The network interfaces provided on the school server will vary. One interface will be dedicated to connecting to the Internet, prossibly through an external DSL or satellite modem. In the larger server, a wired interface will be provided for connecting multiple school servers together, as well as providing network connectivity to non-XO computers that might exist in the school.

All school servers will have two or three Marvell wireless mesh networking interfaces. These interfaces will be external to the server, connected (and powered) through three-meter USB cables. The interfaces are used to connect the server to the XO laptop wireless mesh network.

Software

Like the XO laptop, the software on the school server will be based on the Fedora distribution of Linux. Services and interpreters available for use by applications include SQL, Java, Python, and Perl. The web server will be Apache 2, and collaborative tools will include several wikis and Moodle.

Virtual servers (see the BitFrost security specification) will allow software applications developed at the local or regional level to execute on the school server without compromising either the security or reliability of the server.
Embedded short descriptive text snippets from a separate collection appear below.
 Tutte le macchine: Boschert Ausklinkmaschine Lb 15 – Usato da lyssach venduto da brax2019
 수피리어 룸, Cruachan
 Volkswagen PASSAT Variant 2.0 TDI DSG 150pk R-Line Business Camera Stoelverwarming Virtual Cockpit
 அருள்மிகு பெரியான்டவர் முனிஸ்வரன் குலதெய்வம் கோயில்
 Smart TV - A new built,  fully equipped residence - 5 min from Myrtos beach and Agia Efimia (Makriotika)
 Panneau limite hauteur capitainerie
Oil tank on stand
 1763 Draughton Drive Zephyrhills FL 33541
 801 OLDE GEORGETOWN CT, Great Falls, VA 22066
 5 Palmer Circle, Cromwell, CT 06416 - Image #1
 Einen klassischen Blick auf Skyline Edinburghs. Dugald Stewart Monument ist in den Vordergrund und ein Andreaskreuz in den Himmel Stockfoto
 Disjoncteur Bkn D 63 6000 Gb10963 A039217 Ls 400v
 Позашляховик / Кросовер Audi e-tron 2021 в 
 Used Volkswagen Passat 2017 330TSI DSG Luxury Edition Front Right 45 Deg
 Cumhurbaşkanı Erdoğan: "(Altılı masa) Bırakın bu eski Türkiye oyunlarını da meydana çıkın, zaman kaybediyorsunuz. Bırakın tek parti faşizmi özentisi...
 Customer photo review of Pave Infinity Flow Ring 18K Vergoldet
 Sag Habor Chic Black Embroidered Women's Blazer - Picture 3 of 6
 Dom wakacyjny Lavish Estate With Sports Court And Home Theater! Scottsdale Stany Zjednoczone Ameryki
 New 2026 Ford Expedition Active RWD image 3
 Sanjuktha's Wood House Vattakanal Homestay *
Virtual servers constrain applications in the amount of resources (processor, memory, disk, and network) that they may consume.

Trial1 Server Differences

In order to support trials of the XO laptop software while the software is still very much under development, a limited functionality release of both XO laptop and server software is being made. This software, while operational, is missing some key functionality (such as the Journal), has some "unexpected features", and may be difficult to configure.

Backup: Each student has an account on the school server, and his or her laptop will be automatically set up to push data to the server via rsync and ssh. A child's home directory is also backed up to the school server periodically. This backup, also using the function rsync, ensures that only newly-created files are transferred to the server. OLPC also plans to provide a file manager on the server for deletion, renaming, and copying.

Documents in the student's home directory on the XO will be deleted after a couple of weeks, or sooner if XO's flash memory space runs low. Students will always have access to their archived documents, however. Using the browser application on their laptops, students can easily download or restore from the school server any older or deleted documents for re-editing or inclusion in another document.

Each laptop is bound to a school server, which provides it with backup and library publishing services. Binding is established and maintained via DNS. Each laptop is initialized with an unqualified name for the server it is bound to. DNS then provides the discovery mechanism that allows remapping of the laptops onto existing school servers.

Granularity of naming: A unique server name and unique laptop name per student is entered into DNS.